PROBLEM TO SOLVE: Copy exactly, and copy nothing else: the line that contains "2026 Jeep Grand Cherokee Limited Reserve" and all lines after it in the listing, without pictures.

━━━ INFORMATION PROVIDED ━━━

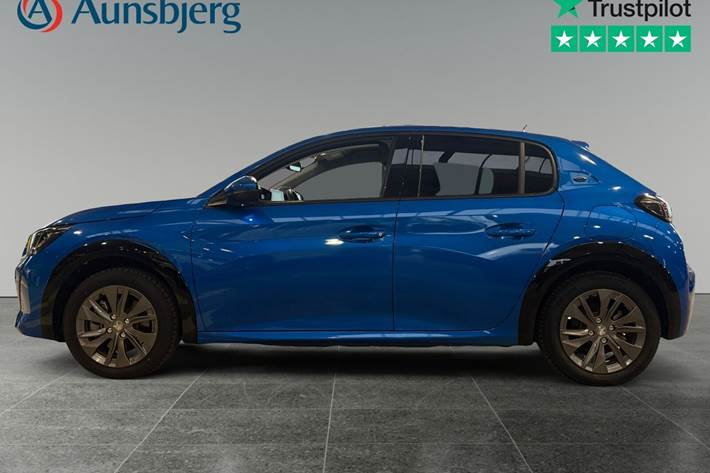 Blå Peugeot e-208 fra 2021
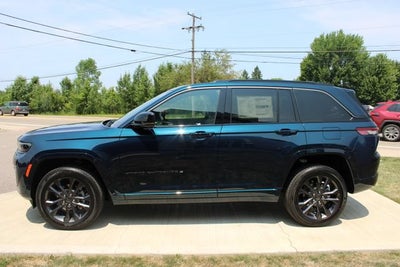 2026 Jeep Grand Cherokee Limited Reserve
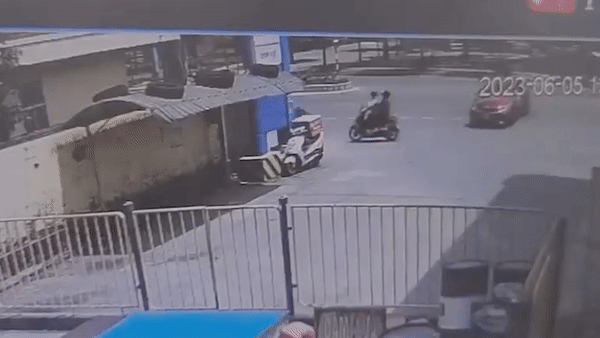 Thieu quan sat, xe may lao thang vao oto dang sang duong hinh anh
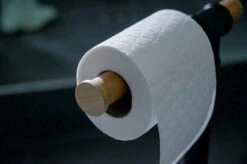 Wenko Forli Wc-boy Zwart/bamboe 21 Wenko Forli Wc-boy Zwart/bamboe -hotbath winkel 24974800 en 09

━━━

EXERCISE OUTPUT:
 2026 Jeep Grand Cherokee Limited Reserve
 Thieu quan sat, xe may lao thang vao oto dang sang duong hinh anh
 Wenko Forli Wc-boy Zwart/bamboe 21 Wenko Forli Wc-boy Zwart/bamboe -hotbath winkel 24974800 en 09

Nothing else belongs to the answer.